3.4L’auteur affirme en outre que les droits qu’il tire de l’article 9 du Pacte ont été violés, avançant que même si les deux États ont ratifié la Convention de 1989 relative aux peuples indigènes et tribaux (no 169) de l’Organisation internationale du Travail, dont l’article 10 encourage la préférence pour des peines autres que l’emprisonnement pour les membres de ces peuples, cette spécificité n’est pas prise en compte par les autorités judiciaires, qu’elles soient chiliennes ou argentines, et qu’en conséquence, il subit un déracinement familial, communautaire et culturel. Selon l’auteur, les attaques de panique ainsi que les ulcères chroniques, les vomissements de sang et les douleurs dans différentes parties du corps dont il souffre en détention résultent du fait que son esprit « n’est pas dans la demeure qui est la sienne et étouffe à être enfermé ».

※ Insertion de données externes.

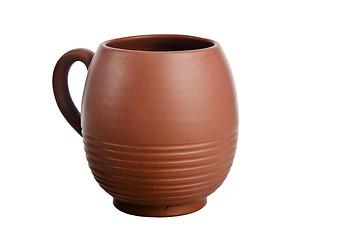 Image showing Clay jug, it is isolated on white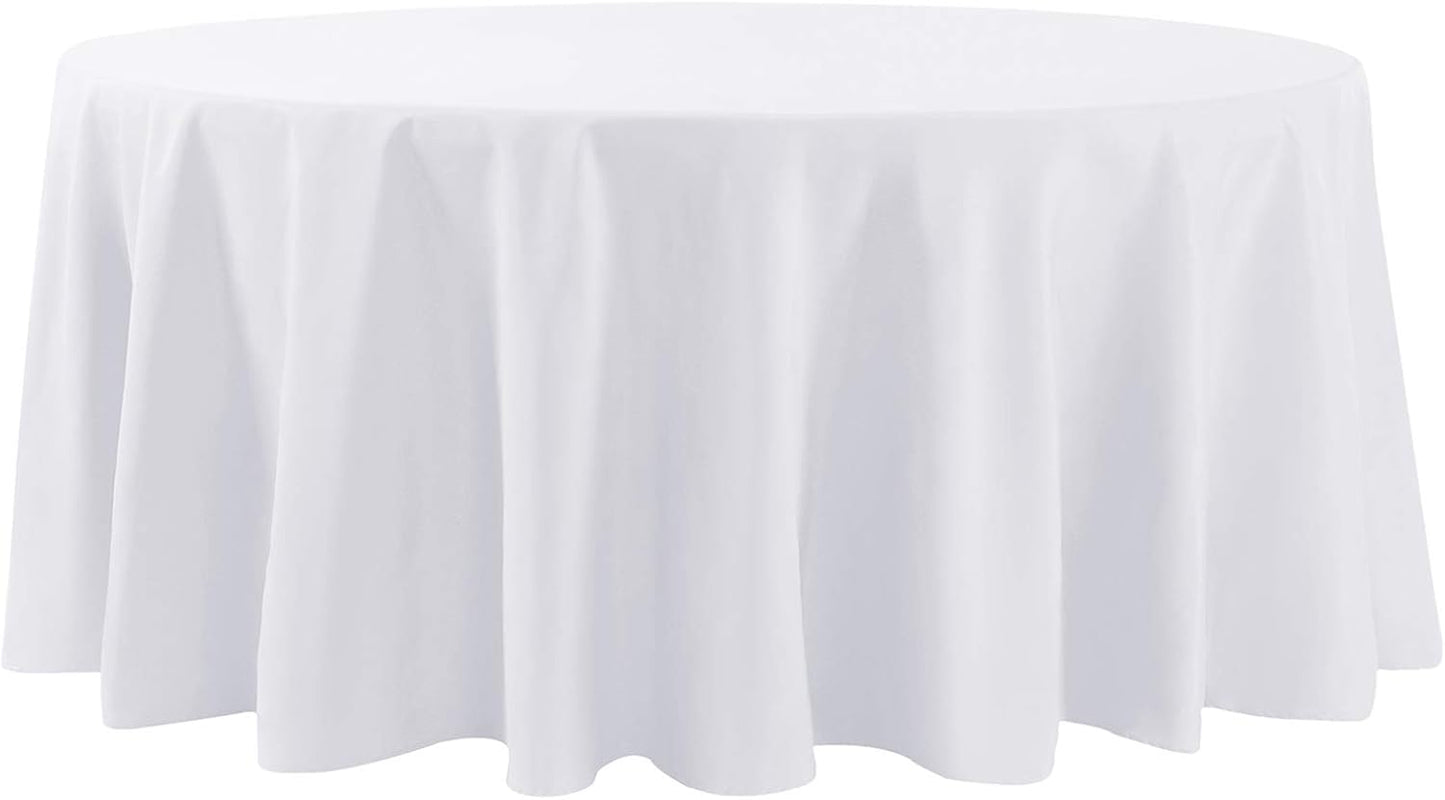 Cupuamon 132 inch Round Tablecloth Washable Polyester Table Cloth Decorative Table Cover for Wedding Party Dining Banquet（132 inch,White）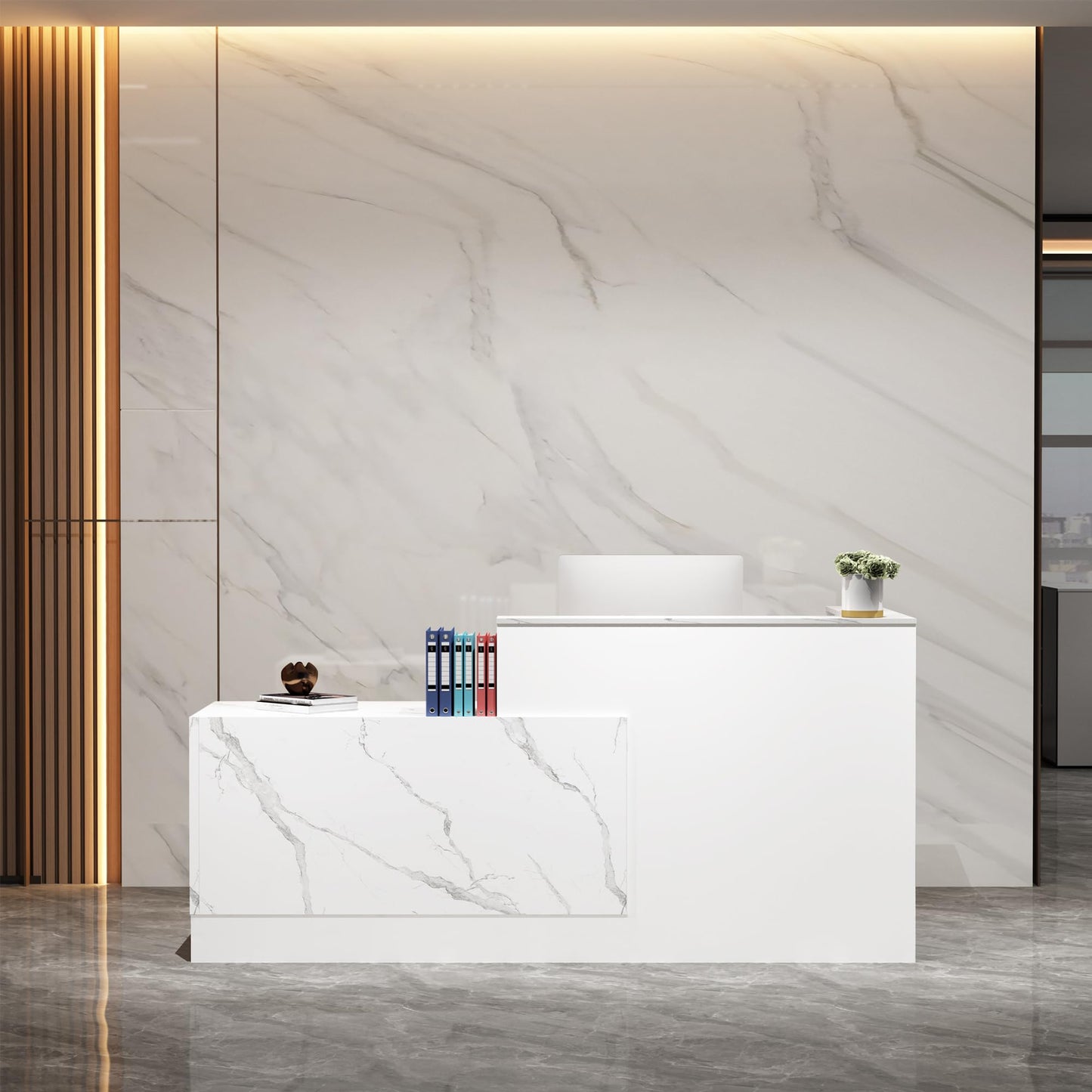 L-Shaped Reception Desk with Lockable Drawers, Adjustable File Cabinet & Keyboard Tray, Modern Front Counter for Office, Salon, or Lobby (Right-L Marble White/White, 86.6''L x 23.6''W x 41.3''H)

3.5L’auteur affirme également qu’il y a violation de l’article 14 du Pacte, indiquant que la décision d’extradition n’est pas conforme au droit étant donné qu’elle se fonde sur un rapport de police faisant état d’informations obtenues par la torture, que la deuxième procédure d’extradition a été engagée alors que la première était encore en cours et que le juge de Bariloche n’était pas le juge naturel.

3.6Enfin, l’auteur estime que son absence déséquilibre et prive de protection la communauté tout entière, du fait du lien intrinsèque qui s’établit entre le lon c o, sa communauté et son territoire, et qu’il résulte de cette situation une violation de l’article 27 du Pacte. Il souligne que les lon c os sont considérés comme les dépositaires de la sagesse ancestrale, qu’ils dirigent le processus de décision et président à d’importantes cérémonies religieuses.

3.7L’auteur demande, à titre de réparation, que l’État partie mette fin aux poursuites à l’encontre des membres du peuple mapuche, cesse de les déposséder de leurs terres ancestrales au profit de sociétés transnationales, qu’il leur garantisse l’égalité de traitement devant les tribunaux et les instances judiciaires et qu’il prenne des sanctions contre les agents de l’État qui se rendent coupables de violences à l’encontre des personnes appartenant au peuple mapuche.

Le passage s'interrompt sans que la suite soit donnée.